**Task**
Return, exactly and in full, the lines of the records below starting at the one with "Now let's use" and ending at the one with "Hello my friends, this", and no other lines.

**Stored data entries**
↓

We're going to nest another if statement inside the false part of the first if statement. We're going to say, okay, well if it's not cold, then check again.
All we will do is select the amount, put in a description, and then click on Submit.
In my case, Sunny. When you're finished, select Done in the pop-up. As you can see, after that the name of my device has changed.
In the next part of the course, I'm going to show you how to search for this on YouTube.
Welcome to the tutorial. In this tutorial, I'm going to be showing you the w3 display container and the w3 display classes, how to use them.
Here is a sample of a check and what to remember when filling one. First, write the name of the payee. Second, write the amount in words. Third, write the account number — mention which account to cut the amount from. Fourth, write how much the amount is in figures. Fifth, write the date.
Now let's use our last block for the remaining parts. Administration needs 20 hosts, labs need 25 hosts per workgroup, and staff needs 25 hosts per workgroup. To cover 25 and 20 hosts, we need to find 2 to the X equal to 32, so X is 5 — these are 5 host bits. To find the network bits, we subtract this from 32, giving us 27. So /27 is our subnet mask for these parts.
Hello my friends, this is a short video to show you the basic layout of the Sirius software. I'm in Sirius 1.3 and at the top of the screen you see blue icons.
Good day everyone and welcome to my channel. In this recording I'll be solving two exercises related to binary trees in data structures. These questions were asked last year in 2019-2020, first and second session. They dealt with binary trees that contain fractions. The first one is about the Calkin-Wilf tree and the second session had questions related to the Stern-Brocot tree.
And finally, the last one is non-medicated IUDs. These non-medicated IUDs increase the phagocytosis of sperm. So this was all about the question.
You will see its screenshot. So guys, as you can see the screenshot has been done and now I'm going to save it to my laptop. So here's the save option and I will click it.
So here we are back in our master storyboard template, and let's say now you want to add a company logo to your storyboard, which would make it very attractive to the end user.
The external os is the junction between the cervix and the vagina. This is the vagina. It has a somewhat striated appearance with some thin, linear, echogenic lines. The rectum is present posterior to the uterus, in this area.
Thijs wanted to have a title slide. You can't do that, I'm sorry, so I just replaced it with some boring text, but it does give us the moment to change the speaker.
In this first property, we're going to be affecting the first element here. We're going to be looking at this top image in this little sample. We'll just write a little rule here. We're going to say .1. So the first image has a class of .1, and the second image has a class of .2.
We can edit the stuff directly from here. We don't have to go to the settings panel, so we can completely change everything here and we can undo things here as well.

↑

**Output**
Now let's use our last block for the remaining parts. Administration needs 20 hosts, labs need 25 hosts per workgroup, and staff needs 25 hosts per workgroup. To cover 25 and 20 hosts, we need to find 2 to the X equal to 32, so X is 5 — these are 5 host bits. To find the network bits, we subtract this from 32, giving us 27. So /27 is our subnet mask for these parts.
Hello my friends, this is a short video to show you the basic layout of the Sirius software. I'm in Sirius 1.3 and at the top of the screen you see blue icons.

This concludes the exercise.